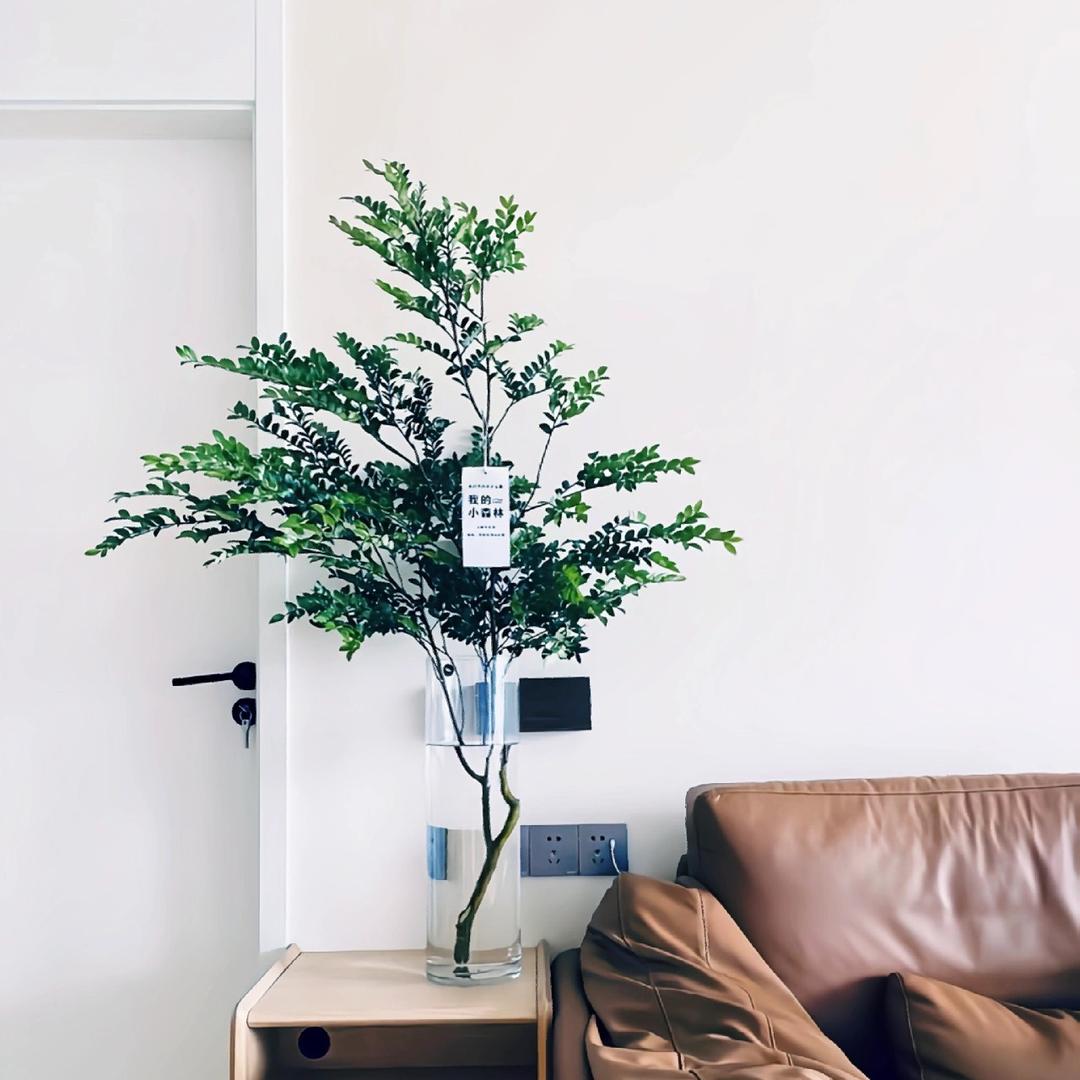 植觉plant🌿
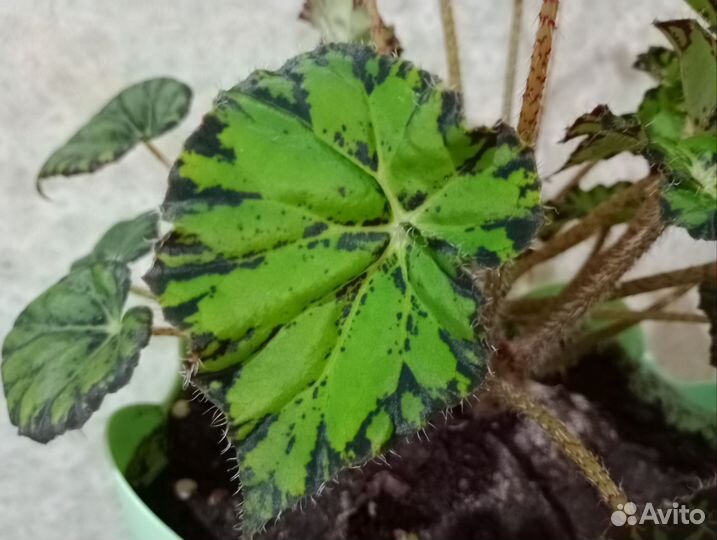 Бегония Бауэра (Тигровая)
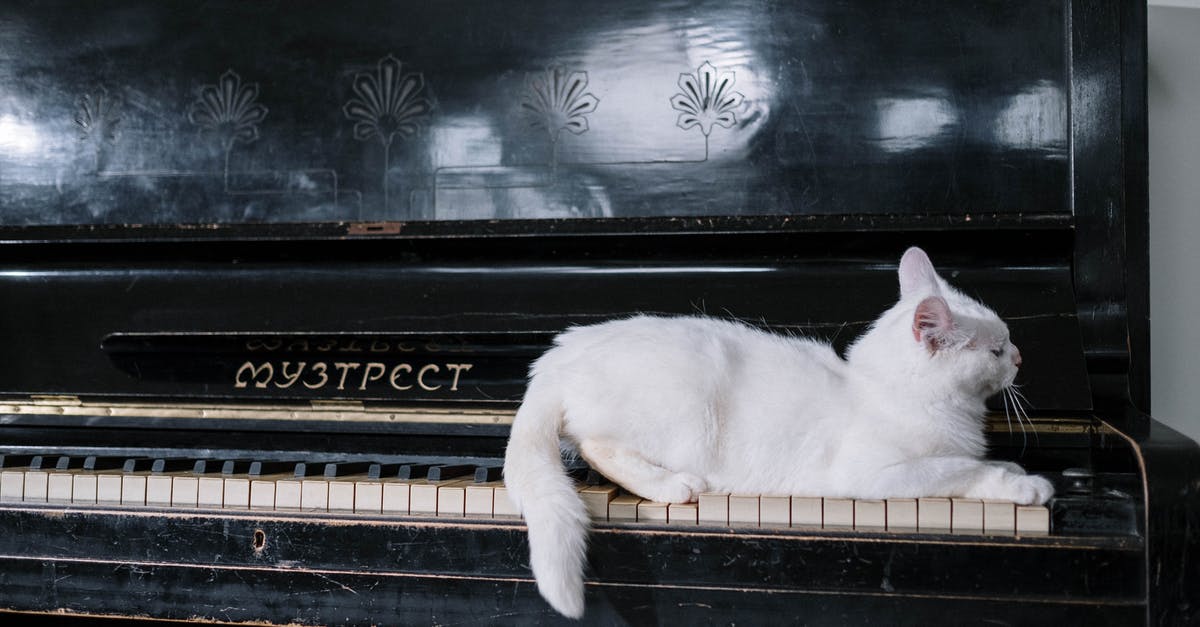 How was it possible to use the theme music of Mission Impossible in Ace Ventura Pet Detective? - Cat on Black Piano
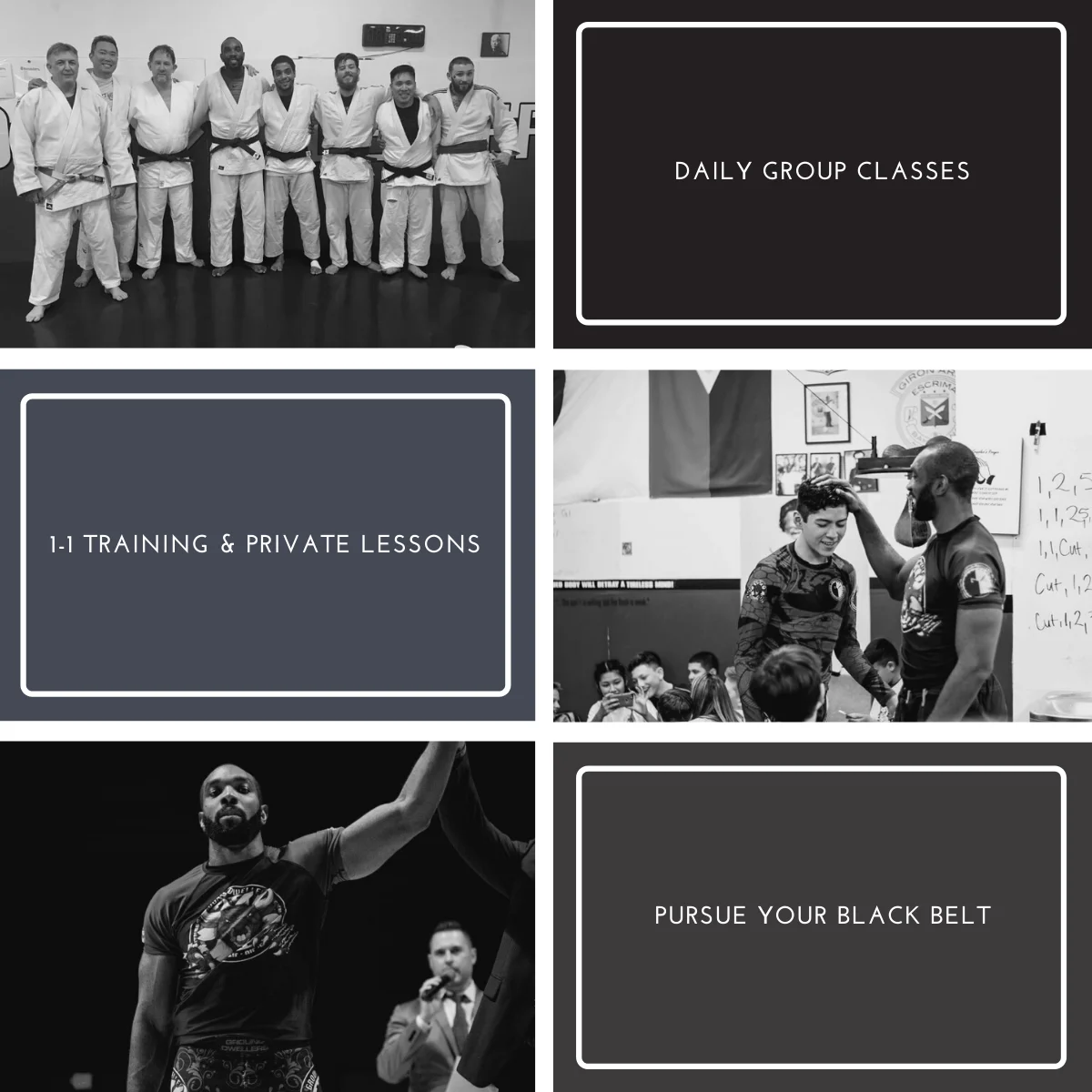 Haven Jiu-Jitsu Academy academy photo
○ ○ ○ ○ ○ ○ ○
=== WHAT THE TASK ASKS ===
Repeat the data in full, exactly as it stands, but drop every picture.

=== TASK SOLUTION ===
 植觉plant🌿
 Бегония Бауэра (Тигровая)
 How was it possible to use the theme music of Mission Impossible in Ace Ventura Pet Detective? - Cat on Black Piano
 Haven Jiu-Jitsu Academy academy photo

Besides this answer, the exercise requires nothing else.